Tarantino é um craque no que faz. Nos oito filmes que realizou (de Cães de Aluguel a Os Oito Odiados), ainda não errou. São todos grandes filmes.
Seguem algumas anotações minhas sobre o cinema de Quentin Tarantino:
O Dicionário de Cinema/Os Diretores, na edição que tenho, é da época em que Quentin Tarantino havia realizado apenas seus dois primeiros filmes, mas já o apresenta como um dos grandes. Tanto que compara a sua estreia, pelo impacto que provocou, à consagração inicial de Stanley Kubrick e Steven Spielberg. O autor, Jean Tulard, diz que o seu estilo de filmar alterna cenas de violência com longos diálogos e que estes são tão bons que, se durassem uma hora, poucos reclamariam.
Como Kubrick, Tarantino filma pouco. A qualidade sobrepondo-se à quantidade. E, já que Tulard menciona Spielberg, lembro que este, há muitos anos, numa cerimônia do Oscar, defendeu o uso da boa palavra no cinema, como se ela estivesse escassa. Algo que chama atenção em Quentin Tarantino. O crítico Roger Ebert também se impressionava com os diálogos escritos pelo cineasta: “diálogo de tão alta qualidade que é digno de ser comparado com outros mestres da prosa enxuta e rude”, disse Ebert, referindo-se a Pulp Fiction.
Cães de Aluguel, o primeiro filme de Tarantino, começa com uma longa conversa numa mesa.

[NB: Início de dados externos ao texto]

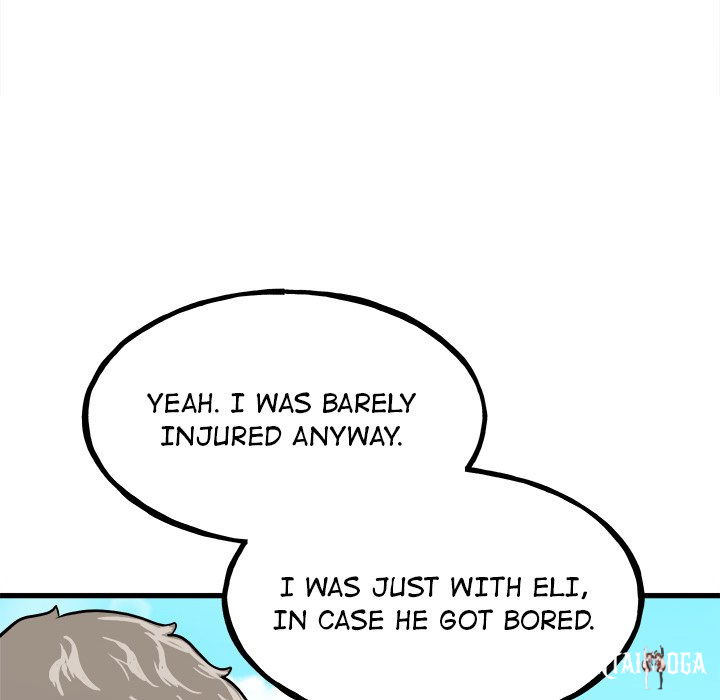 The Villain The Villain Chapter 104 - Page 46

Os homens, que depois veremos envolvidos num assalto frustrado, falam de Madonna, comentam a canção Like a Virgin. A câmera gira enquanto eles conversam.
Semelhante a uma conversa das quatro protagonistas de À Prova de Morte, que falam do carro utilizado em Corrida Contra o Destino, filme do início da década de 1970 que, a despeito de ser cult, nem todos os cinéfilos de hoje conhecem. Das quatro mulheres, somente duas viram e reverenciam Corrida Contra o Destino. Como Tarantino, que vai buscar nos filmes que viu a matéria-prima do seu cinema.

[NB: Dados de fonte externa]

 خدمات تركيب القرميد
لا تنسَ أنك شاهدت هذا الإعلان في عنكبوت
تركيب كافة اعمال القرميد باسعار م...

Os filmes de Tarantino recuperam o melhor diálogo do cinema. A prosa enxuta e rude que Ebert enxergava em Pulp Fiction é a mesma que temos nas intermináveis conversas sobre sexo e cinema de À Prova de Morte. Ou no jantar de Django Livre. Elas se alternam com grandes sequências. Ou nos conduzem a elas. E aí surge outro elemento imprescindível ao cinema de Tarantino: a música que ele retira de uma discoteca afetiva, que não precisa existir fisicamente, apenas nas suas lembranças.

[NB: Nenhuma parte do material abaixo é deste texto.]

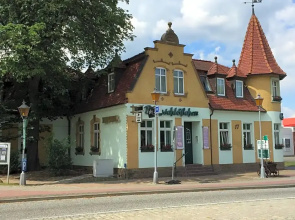 Hotel Bergschlösschen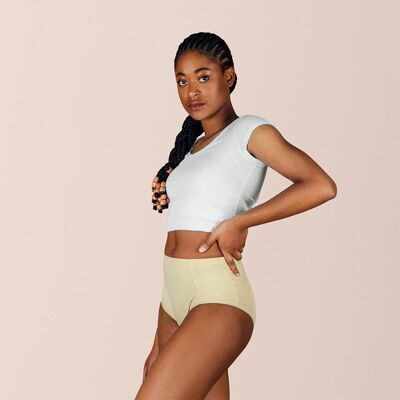 Period underwear - Taynie Highwaist Ultra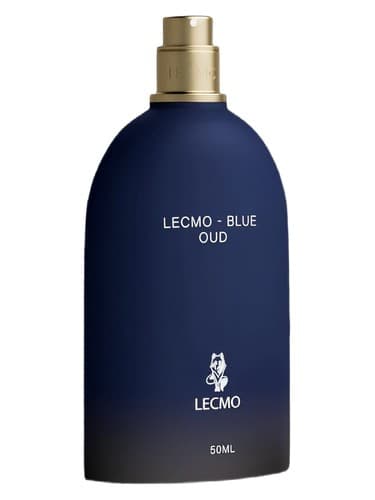 Blue Oud - عود بلو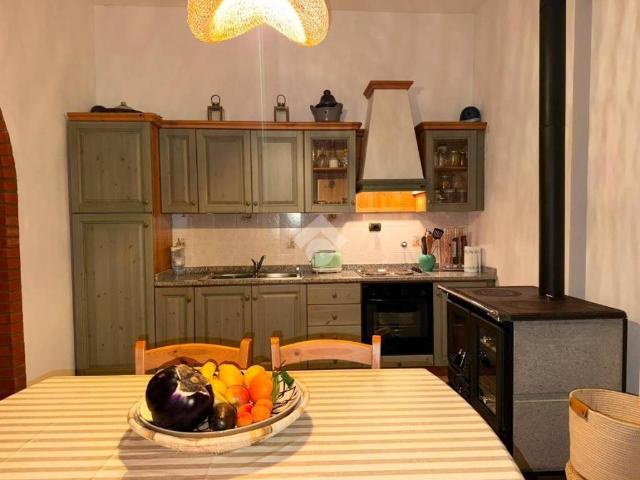Casa indipendente in vendita a Borgomaro IM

No início, poucos bancariam um filme como Cães de Aluguel. Mais tarde, Tarantino passou a encher as salas do mundo inteiro, conseguindo agradar até aos que não compreendem o seu complexo jogo de intertextualidade. Mas a percepção mais prazerosa fica para os cinéfilos. Aqueles que se deliciarão com cada cena recriada, com cada referência, com o que é dignificado por sua maestria e pelo absoluto domínio que tem da arte de fazer cinema.
Tarantino dá o status que um velho filme de kung fu não possui.
Ou nos faz ouvir uma música que não ouviríamos em outra circunstância.
No final, a forma se sobrepõe ao fundo.
O que Quentin Tarantino faz são filmes sobre cinema.